Subversion Revision Graph
This past summer, via my role as project owner for the Subclipse project, I decided to participate as a mentor in the Google Summer of Code program. Summer of Code is a great way to bring some visibility to your project as well as build relationships with other open source...
This past summer, via my role as project owner for the Subclipse project, I decided to participate as a mentor in the Google Summer of Code program. Summer of Code is a great way to bring some visibility to your project as well as build relationships with other open source developers. One of the first things you have to do when participating in Summer of Code as a mentor organization is to come up with some ideas for projects that students can work on for the summer. It needs to be something interesting enough to attract talented students and at the same time it ought to be something where a measurable amount of work can be accomplished in just one summer. I came up with a number of ideas, but the one I knew someone would go after, and the one I hoped would get done, was to add a revision graph feature.

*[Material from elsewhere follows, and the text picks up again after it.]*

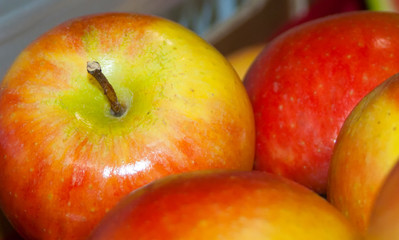 Red sweet apples close-up stacked in a box for sale.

One of the top requests I hear from new Subversion users is the desire for a good revision graph feature. Unfortunately the way that Subversion stores information in its repository is not conducive to providing a feature like this. Specifically, Subversion does not currently track "copy-to" information. It can tell you the history of a given item and trace that history back through all of the places it was "copied-from", but for any given path/revision pair it cannot tell you if it has been copied to another location. This is an essential feature to create a proper revision graph, so in order to draw a decent graph, you pretty much need to have the entire history of the repository available so that you can construct the "copy-to" information yourself. Performance would be terrible if you had to get this history every time, so a good local cache of the information is essential. This is a fairly challenging engineering task and therefore was one that the existing Subclipse team was unlikely to ever find the time to do. At the same time, it was a great task for a motivated student. Combined with the ability to visualize the information in cool ways via the rich graphical library that Eclipse provides, I knew we would attract some interest.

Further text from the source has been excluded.